Yet most of Europe continues to experience strong house price rises.
The strongest housing markets in our global house price survey during 2019 included: Athens, Greece (+11.29%), Germany (+11.15%), New Zealand (+10.28%), Jersey (+7.87%), and Portugal (+7.83%), using inflation-adjusted figures.
The biggest y-o-y house-price declines were in Qatar (-7.97%), Puerto Rico (-7.94%), Pakistan (-7.75%), Kiev, Ukraine (-5.54%), and Beijing, China (-4.69%), again using inflation-adjusted figures.

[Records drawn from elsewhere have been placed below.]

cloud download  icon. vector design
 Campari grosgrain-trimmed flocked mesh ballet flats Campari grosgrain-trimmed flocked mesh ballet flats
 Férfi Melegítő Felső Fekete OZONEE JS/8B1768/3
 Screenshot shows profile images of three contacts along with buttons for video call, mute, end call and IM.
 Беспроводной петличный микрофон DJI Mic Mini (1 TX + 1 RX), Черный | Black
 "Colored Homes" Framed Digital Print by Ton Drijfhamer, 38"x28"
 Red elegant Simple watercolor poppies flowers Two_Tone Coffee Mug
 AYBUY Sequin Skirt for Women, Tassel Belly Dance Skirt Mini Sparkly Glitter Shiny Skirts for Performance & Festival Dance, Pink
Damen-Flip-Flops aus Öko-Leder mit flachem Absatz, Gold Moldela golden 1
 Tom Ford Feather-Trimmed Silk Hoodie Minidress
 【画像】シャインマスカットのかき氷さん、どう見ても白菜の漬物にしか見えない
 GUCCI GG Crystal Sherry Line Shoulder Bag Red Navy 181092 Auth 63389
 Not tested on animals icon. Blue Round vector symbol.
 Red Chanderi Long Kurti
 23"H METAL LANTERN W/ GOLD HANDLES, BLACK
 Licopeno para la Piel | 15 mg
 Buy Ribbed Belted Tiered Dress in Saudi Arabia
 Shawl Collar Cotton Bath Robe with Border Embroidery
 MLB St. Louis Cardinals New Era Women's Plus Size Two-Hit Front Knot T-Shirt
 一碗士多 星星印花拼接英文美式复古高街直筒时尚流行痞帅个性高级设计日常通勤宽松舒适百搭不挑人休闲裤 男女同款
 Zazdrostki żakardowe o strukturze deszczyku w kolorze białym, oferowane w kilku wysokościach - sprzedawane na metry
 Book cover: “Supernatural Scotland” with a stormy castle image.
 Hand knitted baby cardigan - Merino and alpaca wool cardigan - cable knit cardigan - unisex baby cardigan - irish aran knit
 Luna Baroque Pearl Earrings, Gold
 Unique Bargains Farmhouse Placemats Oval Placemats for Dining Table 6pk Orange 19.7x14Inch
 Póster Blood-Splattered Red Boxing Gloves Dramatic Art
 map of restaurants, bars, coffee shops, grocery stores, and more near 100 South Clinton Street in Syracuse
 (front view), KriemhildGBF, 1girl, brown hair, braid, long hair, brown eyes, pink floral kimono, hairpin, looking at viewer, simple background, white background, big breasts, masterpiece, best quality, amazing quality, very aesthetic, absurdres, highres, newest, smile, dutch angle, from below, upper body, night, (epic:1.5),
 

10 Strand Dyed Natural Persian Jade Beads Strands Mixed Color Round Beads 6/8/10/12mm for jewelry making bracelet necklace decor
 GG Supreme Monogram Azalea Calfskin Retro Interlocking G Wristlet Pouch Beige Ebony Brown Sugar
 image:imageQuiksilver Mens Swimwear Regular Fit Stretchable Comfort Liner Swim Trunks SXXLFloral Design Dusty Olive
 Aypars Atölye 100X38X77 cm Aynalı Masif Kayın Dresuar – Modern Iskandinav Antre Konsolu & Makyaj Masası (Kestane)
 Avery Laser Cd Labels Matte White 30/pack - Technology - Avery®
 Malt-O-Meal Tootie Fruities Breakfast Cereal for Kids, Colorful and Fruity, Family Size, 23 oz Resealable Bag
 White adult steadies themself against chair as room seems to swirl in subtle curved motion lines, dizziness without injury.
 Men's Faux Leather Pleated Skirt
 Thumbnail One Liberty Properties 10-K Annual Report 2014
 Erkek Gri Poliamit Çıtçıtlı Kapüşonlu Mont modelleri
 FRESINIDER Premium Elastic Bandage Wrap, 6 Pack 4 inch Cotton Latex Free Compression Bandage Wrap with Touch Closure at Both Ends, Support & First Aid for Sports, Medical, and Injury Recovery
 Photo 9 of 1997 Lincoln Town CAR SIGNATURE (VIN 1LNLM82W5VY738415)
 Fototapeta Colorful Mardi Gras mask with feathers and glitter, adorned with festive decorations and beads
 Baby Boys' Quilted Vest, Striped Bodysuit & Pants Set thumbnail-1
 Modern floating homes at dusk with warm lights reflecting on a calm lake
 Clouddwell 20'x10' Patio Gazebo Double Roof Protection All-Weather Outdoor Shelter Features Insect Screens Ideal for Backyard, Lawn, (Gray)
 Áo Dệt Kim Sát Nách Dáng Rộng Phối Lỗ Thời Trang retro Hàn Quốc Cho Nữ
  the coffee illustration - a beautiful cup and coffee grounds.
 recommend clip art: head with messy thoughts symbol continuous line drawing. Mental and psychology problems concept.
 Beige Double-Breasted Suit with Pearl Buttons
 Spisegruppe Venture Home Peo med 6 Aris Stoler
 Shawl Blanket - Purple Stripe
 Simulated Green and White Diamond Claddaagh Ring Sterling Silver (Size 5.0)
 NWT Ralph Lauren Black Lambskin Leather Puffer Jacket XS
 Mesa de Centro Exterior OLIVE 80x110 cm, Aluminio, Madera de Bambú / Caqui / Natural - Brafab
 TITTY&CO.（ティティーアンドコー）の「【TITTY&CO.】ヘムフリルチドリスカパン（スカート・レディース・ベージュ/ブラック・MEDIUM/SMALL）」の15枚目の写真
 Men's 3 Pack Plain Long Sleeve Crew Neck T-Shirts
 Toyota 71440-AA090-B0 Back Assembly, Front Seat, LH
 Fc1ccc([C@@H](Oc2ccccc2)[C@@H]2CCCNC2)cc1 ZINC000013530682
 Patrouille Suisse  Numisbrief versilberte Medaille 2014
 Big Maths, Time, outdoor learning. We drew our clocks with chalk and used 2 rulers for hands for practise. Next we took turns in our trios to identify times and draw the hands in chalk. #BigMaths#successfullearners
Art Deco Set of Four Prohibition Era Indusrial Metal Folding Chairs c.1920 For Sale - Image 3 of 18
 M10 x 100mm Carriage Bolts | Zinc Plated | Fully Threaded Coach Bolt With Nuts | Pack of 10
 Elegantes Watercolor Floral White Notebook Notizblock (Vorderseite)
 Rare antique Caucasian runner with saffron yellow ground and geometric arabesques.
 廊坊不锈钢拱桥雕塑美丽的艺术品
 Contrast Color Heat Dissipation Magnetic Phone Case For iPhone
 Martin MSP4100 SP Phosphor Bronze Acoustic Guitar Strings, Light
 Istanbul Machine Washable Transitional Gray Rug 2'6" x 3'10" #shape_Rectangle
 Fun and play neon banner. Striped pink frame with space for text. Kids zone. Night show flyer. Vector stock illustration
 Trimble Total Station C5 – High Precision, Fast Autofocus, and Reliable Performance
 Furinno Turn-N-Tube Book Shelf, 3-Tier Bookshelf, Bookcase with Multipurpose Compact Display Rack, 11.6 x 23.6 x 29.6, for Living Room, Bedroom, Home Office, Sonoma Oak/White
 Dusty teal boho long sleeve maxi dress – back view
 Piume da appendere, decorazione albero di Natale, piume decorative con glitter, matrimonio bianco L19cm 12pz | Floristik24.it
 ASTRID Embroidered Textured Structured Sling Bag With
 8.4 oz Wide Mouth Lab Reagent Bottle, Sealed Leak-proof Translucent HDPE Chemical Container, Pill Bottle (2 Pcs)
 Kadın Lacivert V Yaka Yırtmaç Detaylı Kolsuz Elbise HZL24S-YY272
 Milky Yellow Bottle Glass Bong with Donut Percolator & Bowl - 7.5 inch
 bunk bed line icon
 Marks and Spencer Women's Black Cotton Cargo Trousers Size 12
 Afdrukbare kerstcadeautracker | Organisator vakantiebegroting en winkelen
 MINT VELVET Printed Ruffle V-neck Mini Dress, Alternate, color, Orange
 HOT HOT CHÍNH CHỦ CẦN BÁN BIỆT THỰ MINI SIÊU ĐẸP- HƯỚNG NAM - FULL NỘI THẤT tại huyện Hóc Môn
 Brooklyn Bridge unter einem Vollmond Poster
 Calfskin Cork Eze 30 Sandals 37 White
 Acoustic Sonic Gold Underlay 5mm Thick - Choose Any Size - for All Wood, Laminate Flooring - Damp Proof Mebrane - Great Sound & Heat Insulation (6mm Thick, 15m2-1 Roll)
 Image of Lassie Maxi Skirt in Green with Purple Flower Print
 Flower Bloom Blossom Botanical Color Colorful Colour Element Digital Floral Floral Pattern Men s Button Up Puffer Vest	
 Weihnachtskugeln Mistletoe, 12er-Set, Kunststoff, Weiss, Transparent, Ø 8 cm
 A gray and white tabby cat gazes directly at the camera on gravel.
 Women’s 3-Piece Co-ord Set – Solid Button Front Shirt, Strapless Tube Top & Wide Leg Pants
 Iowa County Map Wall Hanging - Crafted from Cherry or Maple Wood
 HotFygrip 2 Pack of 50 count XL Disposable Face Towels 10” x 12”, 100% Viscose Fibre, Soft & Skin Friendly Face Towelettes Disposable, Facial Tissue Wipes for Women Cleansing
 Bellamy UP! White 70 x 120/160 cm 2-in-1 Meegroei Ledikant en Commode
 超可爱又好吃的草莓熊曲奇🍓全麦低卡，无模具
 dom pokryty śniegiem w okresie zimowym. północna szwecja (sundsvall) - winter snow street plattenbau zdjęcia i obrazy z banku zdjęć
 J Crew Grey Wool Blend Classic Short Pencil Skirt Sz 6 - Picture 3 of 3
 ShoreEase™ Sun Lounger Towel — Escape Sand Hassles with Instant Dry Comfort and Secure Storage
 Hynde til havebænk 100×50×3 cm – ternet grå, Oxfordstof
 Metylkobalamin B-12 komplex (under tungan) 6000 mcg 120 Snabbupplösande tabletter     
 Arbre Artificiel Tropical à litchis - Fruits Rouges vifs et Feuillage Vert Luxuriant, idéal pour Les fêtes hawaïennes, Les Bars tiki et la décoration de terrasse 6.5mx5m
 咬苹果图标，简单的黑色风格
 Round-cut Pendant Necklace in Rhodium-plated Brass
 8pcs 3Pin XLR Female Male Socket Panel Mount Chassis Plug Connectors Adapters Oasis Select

Momentum is still strong. 29 of the world’s housing markets for which figures are available showed stronger upward momentum during 2019, while 22 housing markets showed weaker momentum, according to Global Property Guide’s research. Momentum is a measure of the “change in the change”; simply put, momentum has increased if a property market has risen faster this year than last (or fallen less).
Inflation-adjusted figures are used throughout this survey. In the case of Kiev, Ukraine, the Global Property Guide adjusts using the official U.S. inflation rate since Ukrainian secondary market dwelling sales are denominated in U.S. dollars.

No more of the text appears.